People just need to take their money out. That will do everything that’s needed. Don’t need any stupid “investigations”.
Might end up being a lot more than 40% if it goes bust after a bank run, along the lines of the Northern Rock one in 2008.
Share price drops, taxpayers are ripped off for millions. How so bloody predictable. Insider dealing? Oh, it couldn’t possibly be so.
Given the utter necessity of having a bank account unless you are very enterprising or belong to a subculture (certain ethnic groups prefer cash transactions as well they should) I think you could very easily make a legal argument to say that a bank account is a protected right and should be protected by law and that ‘debanking’ as it is called should be ruled completely illegal without the writ of a judge and a criminal conviction.
Contagion is affecting all banking shares…Time to buy, but NOT NatWest, on principle!
Is it just me or does Alison Rose look like Heather Hallett’s sister……
All part of the same British establishment self gratification fest.

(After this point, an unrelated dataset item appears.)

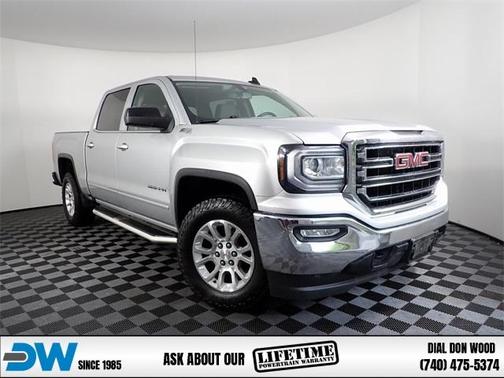 2018 GMC Sierra 1500 SLE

Get those tumbrils warmed up……
Write to your MP and demand that Rose’s outrageous golden handshake of £11.3M is revoked. Crime doesn’t pay, or does it?
I don’t have a personal Nat West account to close.
I am, however, Treasurer for a Not-for-Profit ….. and am in the process of switching our bank to Lloyds.
The arrogant lefties at Nat West need to be punished. Every little helps.
Didn’t the FCA already conduct an investigation by asking Coutts/NatWest whether they believed there had been any improprieties (and then taking the answer as the truth)? Are they now saying that they will conduct a real investigation?
Directors have a duty to enhance shareholder value. 40% taxpayer owned. Why isn’t the Government suing NatWest directors on behalf of we stockholding taxpayers, for breach of fiduciary duty in that it has failed to enhance shareholder value and done the reverse?
As the tax payer was forced to prop them up the last time their shares took a dive how is this time good as surely we will be stuck with the bill again?
So in this case it’s “go woke go running to the treasury for more of a bung, again” unless our PM gabs it by the neck and says no more and I doubt that he will.